Um ovo sobrevive melhor quando cai de lado: estudo
Os desafios de deixar um ovo cair sem quebrá-lo são atividades populares para engajar o público com a ciência, mas frequentemente perpetuam a ideia errada sobre qual parte do ovo é mais resistente a impactos. Curiosamente, quando um ovo é deixado cair de lado, ele tem mais chances de sobreviver do que se fosse deixado cair em uma das extremidades.
Experimente deixar um ovo cair no balcão da cozinha sem quebrá-lo. Você pode ser tentado a posicioná-lo com a ponta afiada para baixo, acreditando que esse formato de cúpula é mais resistente. No entanto, pesquisas revelaram que essa orientação é um erro. Em uma série de experimentos que resultaram em muitas gemas espatifadas, os pesquisadores descobriram que soltar um ovo na posição horizontal oferece a melhor chance para uma aterrissagem bem-sucedida.

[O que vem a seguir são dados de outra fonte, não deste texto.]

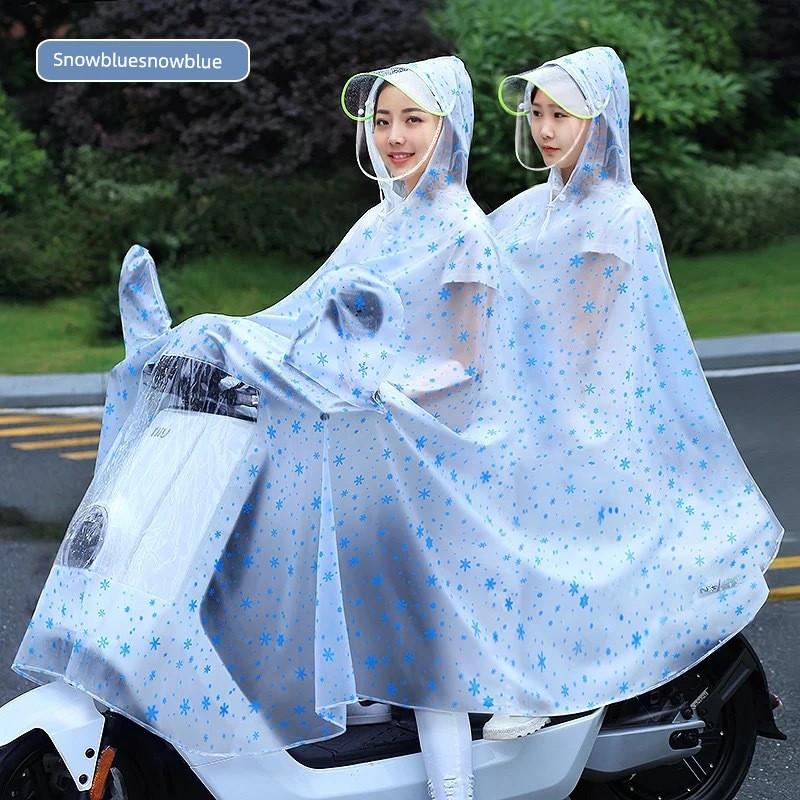 Regenmantel für Elektroroller, Doppelsitz, Eltern-Kind, Langer Stil, Ganzkörper, Starkregen-Schutz, Motorrad-Spezifisch, Transparenter Regenponcho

O fascínio pela estrutura do ovo
O ovo é admirado por sua estrutura surpreendentemente forte, capaz de suportar cargas 100 vezes superiores ao seu próprio peso. Apesar disso, ao menor toque afiado, ele pode rachar. Em muitas salas de aula, os ovos são usados para demonstrações científicas. Um exercício bastante popular é o desafio do ovo, onde os alunos devem proteger um ovo em queda com materiais como plástico bolha e canudos. Tal Cohen, professora de engenharia do MIT, já organizou vários desses eventos. Ela observa que, apesar dos esforços, “parecia uma missão impossível”, ja que todos os ovos geralmente se quebravam.
Durante essas atividades, Cohen percebeu algo interessante na discussão dos alunos e também em vídeos de redes sociais. “A convenção universal é que o ovo deve cair na orientação vertical”, ela comenta. Contudo, não havia evidências claras de que essa posição oferecia vantagem.
Decidida a testar essa sabedoria popular, Cohen e seus estudantes conduziram experimentos controlados com 180 ovos, lançando-os de diferentes alturas e nas três orientações: ponta afiada para baixo, ponta larga para baixo e de lado. Os resultados mostraram que ovos deixados cair de lado sobreviveram melhor. A partir de uma altura de 8 mm , apenas 5% dos ovos na horizontal quebraram, enquanto 55% dos ovos na vertical se partiram.
Compreendendo a física por trás do impacto
Para entender a razão por trás desses resultados, a equipe realizou testes de compressão estática, onde um ovo era apertado lentamente em seu eixo vertical ou horizontal. Descobriram que os ovos suportam a mesma força nos dois casos, rompendo apenas quando a força ultrapassa cerca de 45 newtons. Isso explica como uma pessoa de 70 kg (cerca de 700 newtons) pode pisar em uma caixa com duas dúzias de ovos sem quebrá-los.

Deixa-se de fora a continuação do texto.